Speech capture architecture

Principle

Edge / client: microphone, file drops, browser MediaRecorder, mobile native capture.
Backend: STT, refinement, routing, codegen, and HIR validation run where vox-oratio, vox-mcp, and vox-lsp validation can execute (developer machine, CI agent host, or container without requiring a container-attached mic).

Containers should not assume direct microphone device access; bind-mount a workspace directory or use HTTP upload instead.

Surface	Role	Notes
`vox-audio-ingress` binary	HTTP `/api/audio/status`, `/api/audio/transcribe`, `/api/audio/transcribe/upload`	Bind via `VOX_DASH_HOST` / `VOX_DASH_PORT`; workspace root from `VOX_ORATIO_WORKSPACE` or CWD.
MCP `vox_oratio_transcribe`, `vox_oratio_listen`	File-path STT inside MCP workspace	Compatibility path for agents; same Oratio pipeline as CLI.
MCP `vox_speech_to_code`	Orchestration: path or text → `vox_generate_code` (+ optional `emit_trace_path` JSONL)	Shares `session_id` / repair KPI metadata with codegen.
CLI `vox oratio transcribe` / `listen`	File + UX gates	Feature `oratio`.
CLI `vox oratio record-transcribe`	Default mic → temp WAV → transcribe	Feature `oratio-mic` (`cpal` + `hound`).

OpenAPI mirror (Codex HTTP catalog): contracts/codex-api.openapi.yaml under /api/audio/*.

VS Code / Cursor (vox-vscode): Command Palette Vox: Oratio — … (vox.oratio.transcribeFile, vox.oratio.speechToCodeFile, vox.oratio.voiceCaptureTranscribe, vox.oratio.voiceCaptureSpeechToCode), Explorer context menu on audio files (case-insensitive extension match), plus onView:vox-sidebar.chat and onCommand entries for contributed vox.* commands (including Oratio and inline-edit keybindings) so MCP + speech work without *.vox in the workspace. Files already under the workspace use a relative MCP path; outside picks copy to .vox/tmp/. Voice capture encodes mono 16-bit PCM WAV in the webview before the same MCP calls. Alternatively POST audio to vox-audio-ingress when a shared HTTP endpoint is configured.
Browser / web: MediaRecorder (or file upload) → POST /api/audio/transcribe/upload (or finalize to disk and JSON transcribe in trusted environments).
Mobile: native capture → same upload contract; do not require the monorepo Docker image on-device (see mobile-edge-ai.md for inference ownership).
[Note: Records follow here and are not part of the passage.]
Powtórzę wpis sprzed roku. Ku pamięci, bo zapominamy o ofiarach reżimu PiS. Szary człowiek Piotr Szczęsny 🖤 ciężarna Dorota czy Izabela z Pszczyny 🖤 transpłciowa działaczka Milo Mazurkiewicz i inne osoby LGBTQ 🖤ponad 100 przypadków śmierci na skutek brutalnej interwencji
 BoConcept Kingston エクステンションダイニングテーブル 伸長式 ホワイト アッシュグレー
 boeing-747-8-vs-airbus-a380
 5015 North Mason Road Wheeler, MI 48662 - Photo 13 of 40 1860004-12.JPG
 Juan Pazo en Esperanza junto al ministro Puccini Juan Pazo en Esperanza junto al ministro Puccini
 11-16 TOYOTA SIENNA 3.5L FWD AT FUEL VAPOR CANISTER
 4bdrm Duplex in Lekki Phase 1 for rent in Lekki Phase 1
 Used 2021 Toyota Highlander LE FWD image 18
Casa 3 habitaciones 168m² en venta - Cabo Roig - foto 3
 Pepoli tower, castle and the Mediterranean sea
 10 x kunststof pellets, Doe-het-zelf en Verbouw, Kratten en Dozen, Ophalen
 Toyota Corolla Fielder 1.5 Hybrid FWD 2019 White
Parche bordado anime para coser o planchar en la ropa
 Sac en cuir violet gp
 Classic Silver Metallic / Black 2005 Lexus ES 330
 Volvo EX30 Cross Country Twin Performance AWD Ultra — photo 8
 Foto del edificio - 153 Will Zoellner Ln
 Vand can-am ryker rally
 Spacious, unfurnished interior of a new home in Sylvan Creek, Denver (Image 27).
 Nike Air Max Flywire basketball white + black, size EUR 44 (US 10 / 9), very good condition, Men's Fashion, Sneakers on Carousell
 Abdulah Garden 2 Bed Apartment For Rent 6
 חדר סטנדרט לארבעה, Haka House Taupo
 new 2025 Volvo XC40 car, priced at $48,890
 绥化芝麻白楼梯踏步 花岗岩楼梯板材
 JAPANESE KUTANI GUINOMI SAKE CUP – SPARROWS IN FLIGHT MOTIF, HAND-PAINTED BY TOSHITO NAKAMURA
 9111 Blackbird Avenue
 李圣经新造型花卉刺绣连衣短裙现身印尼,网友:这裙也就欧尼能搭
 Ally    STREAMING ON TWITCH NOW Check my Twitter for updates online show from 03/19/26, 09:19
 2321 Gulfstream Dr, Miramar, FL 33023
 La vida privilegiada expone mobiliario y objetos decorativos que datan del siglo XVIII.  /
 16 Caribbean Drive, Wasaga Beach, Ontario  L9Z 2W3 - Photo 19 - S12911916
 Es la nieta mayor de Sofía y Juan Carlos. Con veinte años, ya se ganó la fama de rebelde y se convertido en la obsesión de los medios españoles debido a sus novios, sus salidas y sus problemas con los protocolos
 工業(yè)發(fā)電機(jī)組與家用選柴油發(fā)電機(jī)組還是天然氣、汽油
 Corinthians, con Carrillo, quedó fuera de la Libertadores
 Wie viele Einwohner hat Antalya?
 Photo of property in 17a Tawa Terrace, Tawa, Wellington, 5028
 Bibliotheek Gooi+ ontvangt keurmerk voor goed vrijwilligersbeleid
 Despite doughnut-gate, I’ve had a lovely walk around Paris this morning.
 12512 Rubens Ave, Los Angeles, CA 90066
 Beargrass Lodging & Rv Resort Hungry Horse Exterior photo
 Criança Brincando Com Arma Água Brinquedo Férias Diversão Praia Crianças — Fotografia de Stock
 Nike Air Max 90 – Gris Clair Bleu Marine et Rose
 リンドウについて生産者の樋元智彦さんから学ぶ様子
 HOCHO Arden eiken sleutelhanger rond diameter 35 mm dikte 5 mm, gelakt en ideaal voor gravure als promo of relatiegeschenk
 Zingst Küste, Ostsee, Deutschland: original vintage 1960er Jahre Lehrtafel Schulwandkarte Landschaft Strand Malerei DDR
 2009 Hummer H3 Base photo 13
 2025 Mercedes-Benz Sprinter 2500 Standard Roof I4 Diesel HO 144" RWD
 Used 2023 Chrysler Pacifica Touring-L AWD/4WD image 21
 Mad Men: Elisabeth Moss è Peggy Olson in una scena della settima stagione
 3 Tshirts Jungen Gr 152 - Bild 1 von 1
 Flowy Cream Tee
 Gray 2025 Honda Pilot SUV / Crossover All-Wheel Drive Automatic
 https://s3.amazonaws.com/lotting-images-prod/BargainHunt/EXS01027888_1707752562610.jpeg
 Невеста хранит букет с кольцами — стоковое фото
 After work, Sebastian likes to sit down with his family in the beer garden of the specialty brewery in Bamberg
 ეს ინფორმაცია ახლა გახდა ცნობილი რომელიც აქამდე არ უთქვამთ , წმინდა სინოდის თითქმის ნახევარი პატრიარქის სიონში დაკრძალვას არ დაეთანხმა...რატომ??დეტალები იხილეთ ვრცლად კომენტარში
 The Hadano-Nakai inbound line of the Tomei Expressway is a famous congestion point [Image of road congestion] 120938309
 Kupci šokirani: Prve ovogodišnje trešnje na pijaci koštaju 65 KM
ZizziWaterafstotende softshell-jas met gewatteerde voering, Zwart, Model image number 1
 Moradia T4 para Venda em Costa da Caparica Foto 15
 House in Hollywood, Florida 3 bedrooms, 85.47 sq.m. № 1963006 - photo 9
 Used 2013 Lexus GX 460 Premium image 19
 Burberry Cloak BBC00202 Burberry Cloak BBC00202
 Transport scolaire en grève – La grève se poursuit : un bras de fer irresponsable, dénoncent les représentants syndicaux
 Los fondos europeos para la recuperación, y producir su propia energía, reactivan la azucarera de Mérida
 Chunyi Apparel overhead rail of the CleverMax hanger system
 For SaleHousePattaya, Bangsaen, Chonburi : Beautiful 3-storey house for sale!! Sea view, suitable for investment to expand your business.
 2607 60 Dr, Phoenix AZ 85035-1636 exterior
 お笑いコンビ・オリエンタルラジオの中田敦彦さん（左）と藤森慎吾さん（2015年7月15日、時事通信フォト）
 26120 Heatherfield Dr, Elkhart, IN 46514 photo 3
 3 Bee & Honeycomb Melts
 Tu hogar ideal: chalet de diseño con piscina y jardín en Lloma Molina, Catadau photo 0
Generate correlation IDs with vox_oratio::trace::new_correlation_id() and pass session_id through MCP for chat/model affinity.
Optional emit_trace_path on vox_speech_to_code appends one JSON object per call; fields align with contracts/speech-to-code/speech_trace.schema.json (plus codegen_meta for tooling).